こうした課題をデジタルで解決するのが「マーケロボ」だ。AI搭載型MA(マーケティングオートメーション)ツールとして、今年4月にデビュー。わずか10か月で導入企業は100社を超えた。
最大の特長は、提供元によるワンストップ運用。MAツールを使いこなせる人材が少ない中、これは実にありがたい話だ。API連携も導入費も不要。名刺のデータ化から自動追客まで一連の流れを自動化し、確実に実行する。
開発を手がけたのは2016年創業のMarketing-Robotics社。代表取締役の田中 亮大(たなか りょうだい)氏が取材に応じてくれた。
・必ず売上げが上がる!
Q1:まずは「マーケロボ」を開発するに至ったきっかけからお聞かせください。
もともと私は「日本の社長.tv」という経営者動画メディアの運営会社取締役として、全国で5000社以上の新規開拓をしてまいりました。その後、ヒラメ筋のCMでおなじみの営業支援システム「ベルフェイス」を設立し、副社長、販売会社の社長に就任します。そこで培ったノウハウを事業化するために、この会社を立ち上げました。

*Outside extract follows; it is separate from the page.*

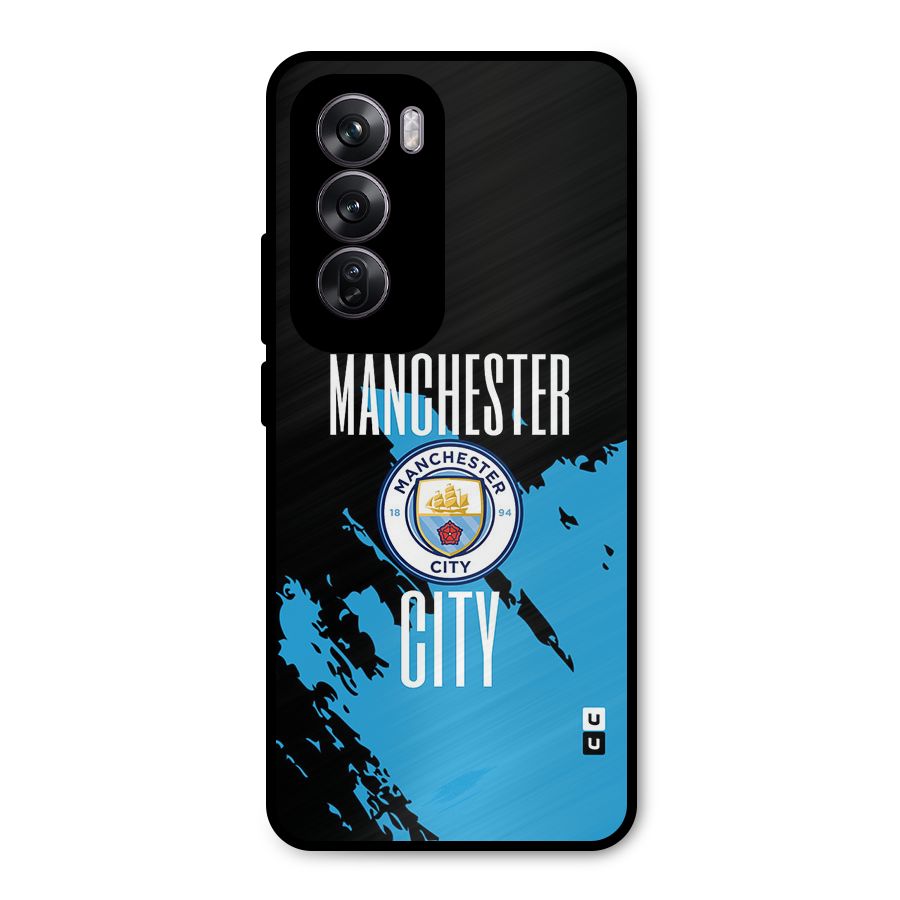 Abstract Manchester Metal Back Case for Oppo Reno12 Pro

これまで多くの営業現場を見てきましたが、9割方の企業はいまだに気合と根性のアナログ営業を行っています。この由々しき事態をデジタル変革するために、無料のMAツール「マーケロボ」を開発しました。
Q2:このシステムを導入することで、営業活動はどのように変わるのでしょうか。
まず、必ず「売上げが上がる」ということです。テクノロジーを駆使することで、これまで人がキャッチできていなかった部分、例えば、どの顧客が何に興味があるか、という点が見えてきます。相手の知りたい情報を知りたいタイミングで提供できるので、成約率が上がります。
第2に、これまで人が行っていた煩雑な作業をシステムが肩代わりするので、コミュニケーションに費やす時間が増えます。デジタル化で仕事の効率を上げるため、無駄なテレアポや訪問、残業の削減といった従業員の負担が軽減され、離職率が下がります。
・MA運用に役立つ人材紹介事業も
Q3:システム開発にあたって最も苦労したのは、どのようなところでしょうか。
マーケティングオートメーションはキーとなる情報をもとに、大量の情報を紐づけする必要があります。データベースとの情報のやり取りが大量に発生するため、IDをたくさん発行し、テーブル間のつなぎを行わなければなりません。
その分データベースも大きくなるので、”サクサク”をうたっているにも関わらず、モッサリした動きになってしまうことがしばしばあり、最適化するのに苦労しました。ユーザーに快適に利用してもらうため、応答速度の改善は最優先で行いました。
Q4:今後の展開について教えてください。
多様な働き方を実現し、新しい雇用や長く働ける環境を創出したいと考えています。そのために現在の事業を拡大しつつ、人材紹介事業を近々スタートさせる予定です。
ツール利用料を無料にしたことで、マーケティングオートメーションを導入する企業はどんどん増えていくでしょう。しかし、ほとんどの企業にはツールを使いこなせる人材がいません。そうした企業へ、マーケティングオートメーションを使いこなせる人材を紹介するのです。
先日一部上場のHR(ヒューマンリソース)企業から資金調達をしたこともあり、人材領域に特化したMAの開発も進めています。さまざまな理由で自社に入社しなかった人材との関係の継続構築やタレントプール化、採用コンテンツの解析など、MAでやれることの可能性を日々感じています。今後もマーケロボを通じて多くの人に幸せをもたらせていけたら、と思っています。
残業が多く、顧客の都合に左右されがちな営業は、最も働き方改革が推進しにくい職種と言われている。しかし、ものは考えようだ。デジタルツールを積極的に利用すれば、いくらでも解決の方法はある。めざすは時間に追われない、効率のいい労働。「マーケロボ」が、きっとかなえてくれるだろう。